Your output should be exactly the lines from the one containing "1913 Vida Court, Mountain" through the final line of the following data, please, with no pictures.
----- Supplied information
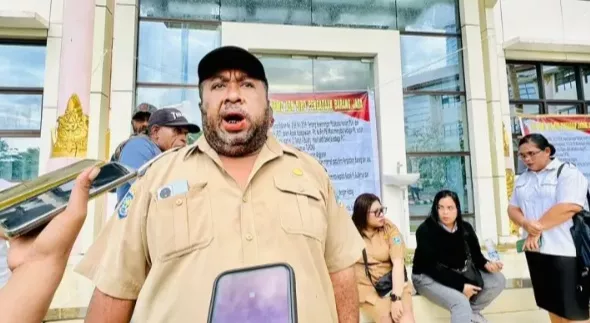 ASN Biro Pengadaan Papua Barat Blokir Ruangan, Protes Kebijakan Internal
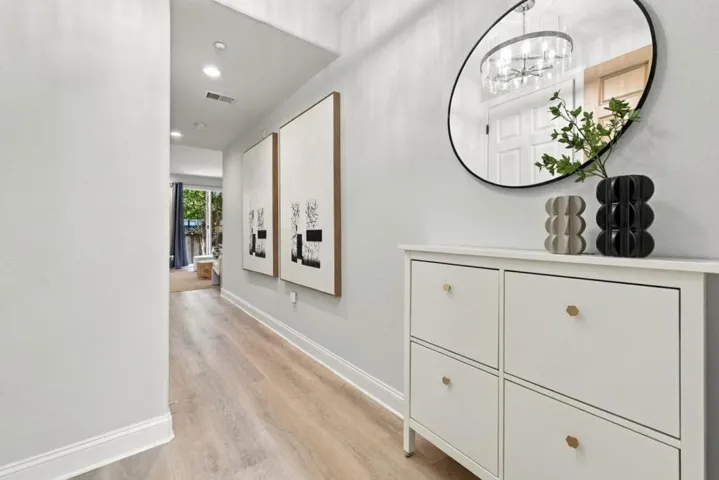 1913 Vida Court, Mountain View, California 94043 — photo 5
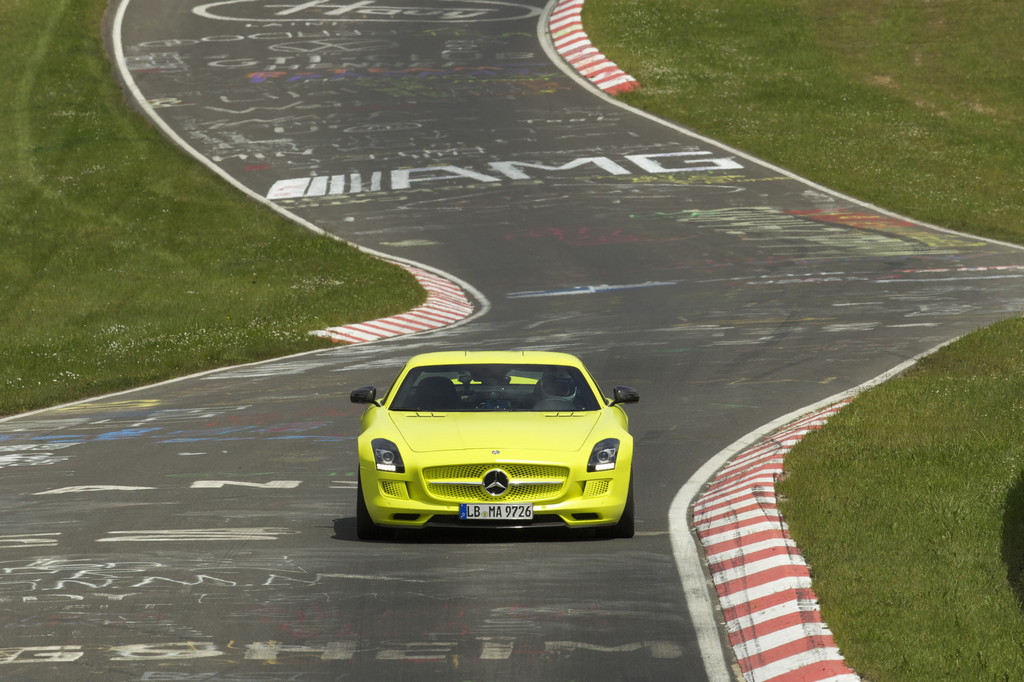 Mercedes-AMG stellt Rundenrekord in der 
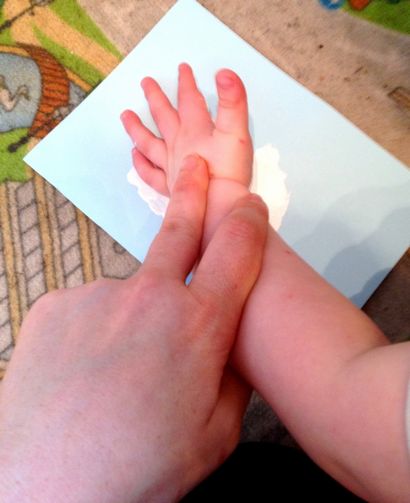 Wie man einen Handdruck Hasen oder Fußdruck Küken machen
----------
Exercise output
 1913 Vida Court, Mountain View, California 94043 — photo 5
 Mercedes-AMG stellt Rundenrekord in der 
 Wie man einen Handdruck Hasen oder Fußdruck Küken machen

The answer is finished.